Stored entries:
────────

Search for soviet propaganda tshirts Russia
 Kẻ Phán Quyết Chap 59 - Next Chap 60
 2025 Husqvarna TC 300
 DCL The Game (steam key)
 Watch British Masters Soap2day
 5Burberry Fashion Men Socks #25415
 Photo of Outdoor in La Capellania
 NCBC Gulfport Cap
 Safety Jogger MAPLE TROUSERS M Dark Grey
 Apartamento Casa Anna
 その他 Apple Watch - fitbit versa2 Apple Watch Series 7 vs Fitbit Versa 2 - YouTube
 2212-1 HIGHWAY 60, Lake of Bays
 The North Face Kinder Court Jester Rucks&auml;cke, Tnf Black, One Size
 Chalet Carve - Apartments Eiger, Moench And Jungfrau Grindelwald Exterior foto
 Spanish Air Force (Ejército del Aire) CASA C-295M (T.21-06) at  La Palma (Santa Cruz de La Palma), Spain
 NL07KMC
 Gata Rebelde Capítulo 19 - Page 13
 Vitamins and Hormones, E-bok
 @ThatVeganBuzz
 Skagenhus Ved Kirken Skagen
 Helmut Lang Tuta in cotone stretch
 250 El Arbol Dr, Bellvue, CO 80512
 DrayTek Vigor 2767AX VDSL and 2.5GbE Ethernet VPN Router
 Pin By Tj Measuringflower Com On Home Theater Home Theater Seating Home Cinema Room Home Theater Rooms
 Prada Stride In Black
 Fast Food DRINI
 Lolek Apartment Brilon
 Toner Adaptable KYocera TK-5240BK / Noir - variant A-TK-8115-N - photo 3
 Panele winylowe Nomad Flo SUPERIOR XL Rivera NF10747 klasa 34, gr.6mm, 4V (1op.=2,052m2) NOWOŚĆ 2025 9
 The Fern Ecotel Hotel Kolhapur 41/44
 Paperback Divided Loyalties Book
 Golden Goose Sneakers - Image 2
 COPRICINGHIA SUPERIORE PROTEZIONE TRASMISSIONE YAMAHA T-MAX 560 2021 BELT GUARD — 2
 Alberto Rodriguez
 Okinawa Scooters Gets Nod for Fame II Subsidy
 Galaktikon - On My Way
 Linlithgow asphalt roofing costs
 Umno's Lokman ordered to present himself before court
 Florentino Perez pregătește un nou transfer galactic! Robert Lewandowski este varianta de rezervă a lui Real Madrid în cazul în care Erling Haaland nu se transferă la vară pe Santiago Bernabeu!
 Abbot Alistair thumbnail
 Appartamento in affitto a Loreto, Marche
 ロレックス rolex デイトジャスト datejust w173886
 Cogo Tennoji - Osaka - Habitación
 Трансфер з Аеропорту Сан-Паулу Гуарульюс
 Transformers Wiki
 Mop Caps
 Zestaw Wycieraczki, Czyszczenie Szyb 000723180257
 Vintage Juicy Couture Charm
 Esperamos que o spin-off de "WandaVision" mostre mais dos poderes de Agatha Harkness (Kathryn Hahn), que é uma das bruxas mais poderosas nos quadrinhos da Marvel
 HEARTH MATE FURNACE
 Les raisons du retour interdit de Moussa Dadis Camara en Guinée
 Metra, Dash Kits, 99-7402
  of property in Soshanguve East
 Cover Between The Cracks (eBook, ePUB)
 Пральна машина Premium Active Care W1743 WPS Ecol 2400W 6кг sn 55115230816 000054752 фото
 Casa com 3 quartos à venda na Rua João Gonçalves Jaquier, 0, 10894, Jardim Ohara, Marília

────────

» **TASK BRIEF**: Working from the records above, write out verbatim only the lines from the line containing "Watch British Masters Soap2day" through the line containing "COPRICINGHIA SUPERIORE PROTEZIONE".

» **TASK OUTPUT**:
 Watch British Masters Soap2day
 5Burberry Fashion Men Socks #25415
 Photo of Outdoor in La Capellania
 NCBC Gulfport Cap
 Safety Jogger MAPLE TROUSERS M Dark Grey
 Apartamento Casa Anna
 その他 Apple Watch - fitbit versa2 Apple Watch Series 7 vs Fitbit Versa 2 - YouTube
 2212-1 HIGHWAY 60, Lake of Bays
 The North Face Kinder Court Jester Rucks&auml;cke, Tnf Black, One Size
 Chalet Carve - Apartments Eiger, Moench And Jungfrau Grindelwald Exterior foto
 Spanish Air Force (Ejército del Aire) CASA C-295M (T.21-06) at  La Palma (Santa Cruz de La Palma), Spain
 NL07KMC
 Gata Rebelde Capítulo 19 - Page 13
 Vitamins and Hormones, E-bok
 @ThatVeganBuzz
 Skagenhus Ved Kirken Skagen
 Helmut Lang Tuta in cotone stretch
 250 El Arbol Dr, Bellvue, CO 80512
 DrayTek Vigor 2767AX VDSL and 2.5GbE Ethernet VPN Router
 Pin By Tj Measuringflower Com On Home Theater Home Theater Seating Home Cinema Room Home Theater Rooms
 Prada Stride In Black
 Fast Food DRINI
 Lolek Apartment Brilon
 Toner Adaptable KYocera TK-5240BK / Noir - variant A-TK-8115-N - photo 3
 Panele winylowe Nomad Flo SUPERIOR XL Rivera NF10747 klasa 34, gr.6mm, 4V (1op.=2,052m2) NOWOŚĆ 2025 9
 The Fern Ecotel Hotel Kolhapur 41/44
 Paperback Divided Loyalties Book
 Golden Goose Sneakers - Image 2
 COPRICINGHIA SUPERIORE PROTEZIONE TRASMISSIONE YAMAHA T-MAX 560 2021 BELT GUARD — 2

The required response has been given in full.